Sincan’da kadın da çalıştığı için evde pek yemek yapamıyor. Lokantalarda yemek daha ucuza geldiği için çiftler dışarda yemeği tercih ediyorlar.
Beş çocuk sahibi bir Uygur, bana “Çin, buraya Çinli dolduruyor. Biz de yasak olmasına rağmen 2’den fazla çocuk yapıp dengeyi sağlıyoruz. Bizim nüfusumuz Çin’in ilan ettiği gibi 8 milyon değil. Rahat 20 milyonu geçeriz.” demişti.
Her türlü dansın yapıldığı kulüplerde dikkatimi çeken birbirleriyle dans eden kadınların çoğunun çocuklu dul kadınlar olmasıydı.
KADIN KADINA VALS
Gece külüplerinde Uygur kadınlarının çılgınca dans etmelerini izledim. Kadın kadına öyle vals yapıyorlardı ki bir Uygurlu kız “Bizi lezbiyen sanmayın. Sadece dans etmeyi çok seviyoruz. Günün yorgunluğunu dans ederek üzerimizden atıyoruz” demek ihtiyacını hissetmişti. Uygur erkekleri de el ele çarşıda geziyor, erkek erkeğe dans ediyordu : “Onlar da homoseksüel değil”
Bir kadının dışarda içki içmesi Uygur erkekleri tarafından ayıplanıyordu ama kadınların yüzde 50’si alkol kullanıyordu.
Kızlar arasında Sincan’da eşofman modası dikkatimi çekti.
Kız kıza dans eden Uygur kızlarına, erkekler yanaşabiliyor ve çekinmeden telefon numarası değiştokuşu yapabiliyordu. Sonra birbirleriyle buluşuyorlar ve arkadaşlıklarını ilerletiyorlardı. Kızlarla ilişki kurmak Sincan’da çok kolaydı.
Benim en çok dikkatimi çeken 30 yaşının üstündeki kadınlardı. Genellikle boşanmış olanlar, özgürlüğün tadını çıkartırken dansı çok ciddiye alıyor, en iyi gece kıyafetlerini seçiyor, bir giydiğini bir daha giymiyordu. Uygur kadınları düğünlerde ve gece kulüplerinde kendini göstermeyi çok seviyordu.

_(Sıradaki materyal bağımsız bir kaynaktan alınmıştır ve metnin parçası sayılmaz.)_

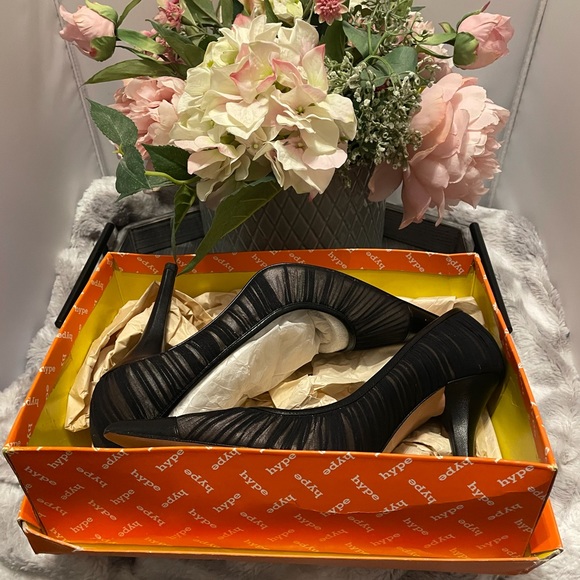 HYPE-BLACK LEATHER PUMPS WITH SHEER CLOTH OVERLAY-8 1/2M - Picture 12 of 15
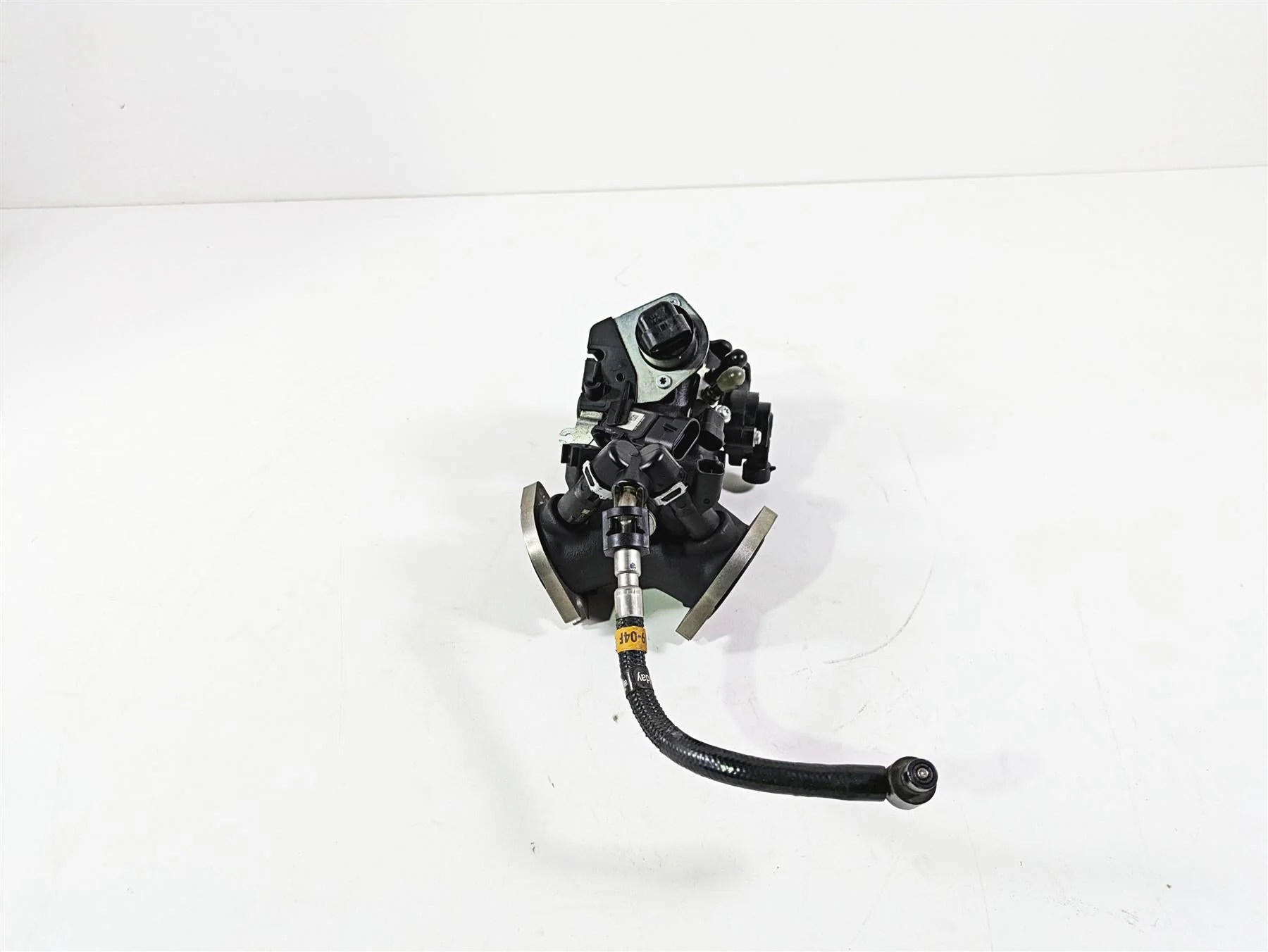2014 Harley FXDL Dyna Low Rider Throttle Body Fuel Injectors 27708-10A 27618-06A - Image 4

Sabahları beşte sokaklarda yiyecek pazarları kuruluyor ama Çinliler daha çok alışverişe meraklı. Akşamları kurulan akşam pazarı da ikiye bölünmüş. Bir tarafta üzerlerine “helal et” damgaları yapıştırılmış Uygur tezgâhları, karşı tarafında ise her türlü etin satıldığı Çin tezgahları. Açık Pazar’da tüm Sincan’da olduğu gibi Çinlilerle Uygurlar binlerce kişinin geceleri yemek yediği açık pazarda birbirlerinden kopuktu.
Açık pazarda gördüğüm et çeşitleri ve et bolluğu ilgimi çekmişti.. Bir Uygur kebapçı, “Bura halkı et yer. Et boldur. Sincan’a bu yüzden kuş gribi giremedi.”

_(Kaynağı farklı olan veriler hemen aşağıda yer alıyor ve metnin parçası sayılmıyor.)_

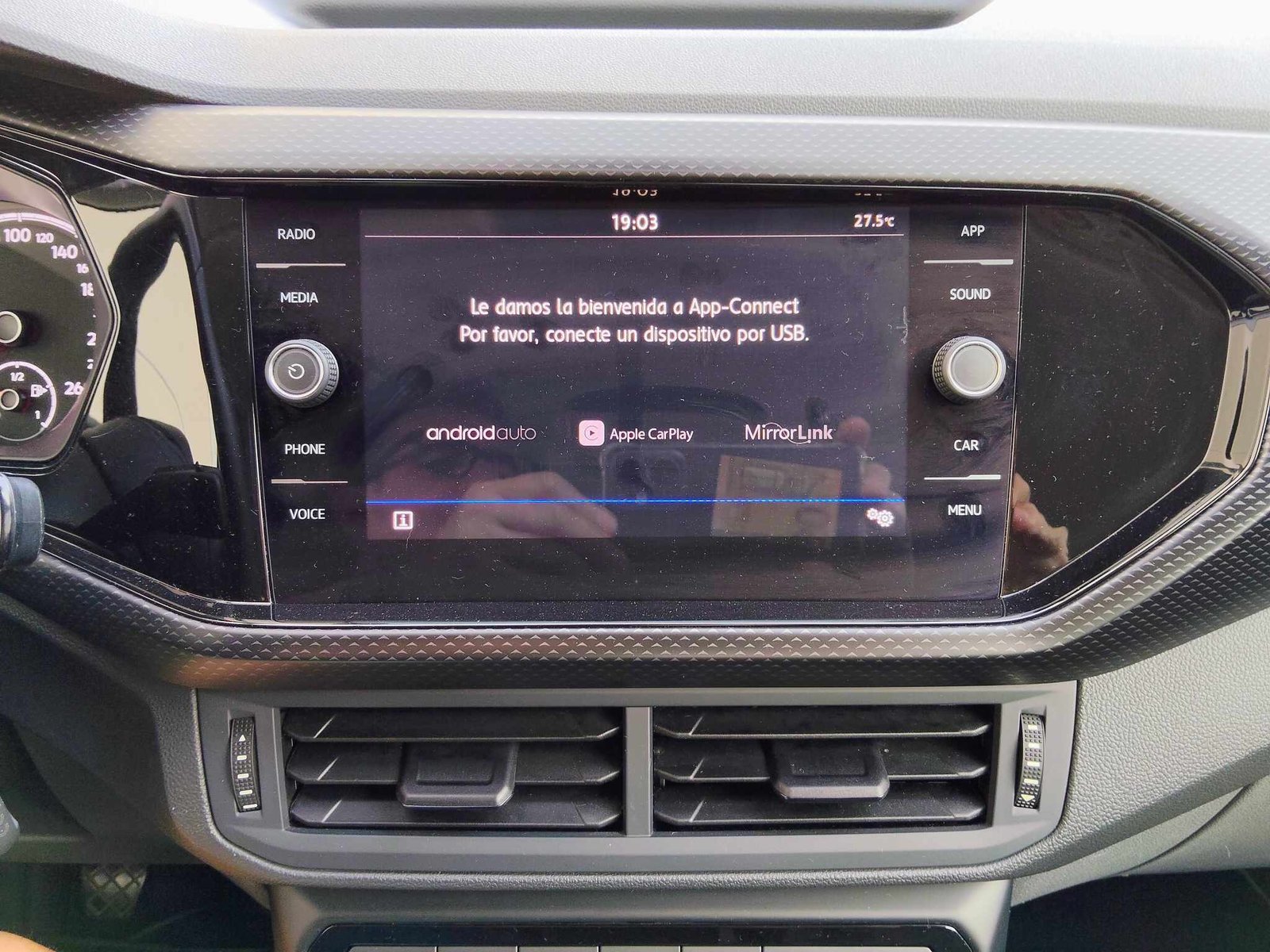 VOLKSWAGEN T-CROSS 1.0 TFSI ADVANCE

Ben Uygurların ne kadar kavgacı olduğuna bu pazarda tanık oldum. Bir Uygur tezgahının arkasında yemek yiyordum. İstediğim içecek yandaki tezgahta vardı. Oradan içki istedim diye neredeyse iki satıcı birbirine girecekti. Uygurlar, patlamaya her an hazır bir millet. Silah taşımıyorlar ama palaları çekip rahat cinayet işleyebildiklerini öğrendim.
Sincan’da kadın yüzünden namus cinayetleri pek olmuyordu.. Bir ara üzerlerinde şiş kebabı yapılan kömür ocaklardan çıkan dumana gözüm takıldı. Çin televizyonunda olimpiyatlar nedeniyle çevre kirliliğini önlemek için Pekin’deki bazı fabrikaların kapatılacağı söylentileri etrafta dolaşıyordu.

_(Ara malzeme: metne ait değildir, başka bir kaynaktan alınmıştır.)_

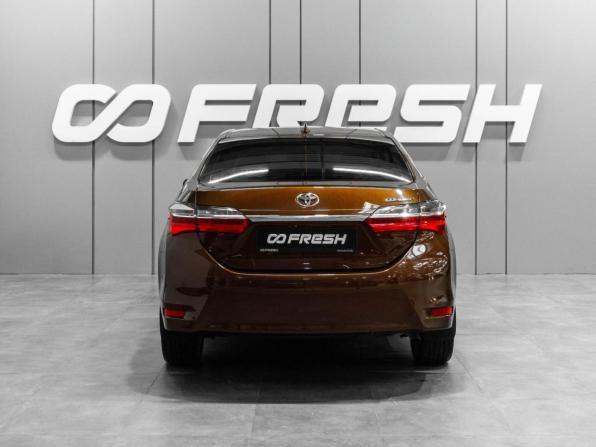 Toyota Corolla XI (E160 E170 E180) Рестайлинг 1 с пробегом 2018 года, цена 1 799 000 рублей, 116097 км, седан, Автокод Объявления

Dünyaya olimpiyatlarda şov yapmak için Çin herşeye başvuruyordu. Hatta Uygurların kullandığı şiş kömür ocaklarının yasaklanacağı söyleniyordu.
Bence Uygurlar, ne kadar baskı altında olurlarsa olsunlar politik nedenlerle ayaklanmaya kalkışmazlar ama ucu ekmek paralarına dokunacağı için kömür ocakları yüzünden baş kaldırabilirler.
Londra’da okuyan Uygur öğrenci Ahmet Haci (40), 1998 yılında İngiltere’ye geldiğini anlatırken bana şu bilgileri vermişti: “ Siz Sincan’a gittiğinizde herkes takip altında olduğu için kimse sizle konuşamaz. Halk büyük korku içinde. Gerekçe gösterilmeden hapse atılanların ne kadar içerde tutulacağı ve ne zaman serbest bırakılacakları belli değil. O kadar kayıp, tutuklandıktan sonra haber alınamayan o kadar çok Uygur var ki.. Şu andaki en büyük sorun 16-22 yaşlarındaki genç Uygur kızların iç bölgelere göçe zorlanması. Kızlar, “Fabrikalarda size iş öğreteceğiz” bahanesiyle Sincan dışına gönderiliyorlar. Asıl hedef Uygurları asimile etmek. 10 milyondan fazla Uygur Türkü var diye 10 milyondan fazla Çinli Sincan’a göç ettirildi. Çaresiz kızların ailelerine baskı yapıyorlar. İç bölgelere gönderdikleri kızları kötü yerlere, fahişehanelere (randevu evleri) satıyorlar. Neden evlenmiş, çocuk sahibi kızları iç bölgelere göndermiyorlar? Çin, biz Uygurları yok etmek istiyor.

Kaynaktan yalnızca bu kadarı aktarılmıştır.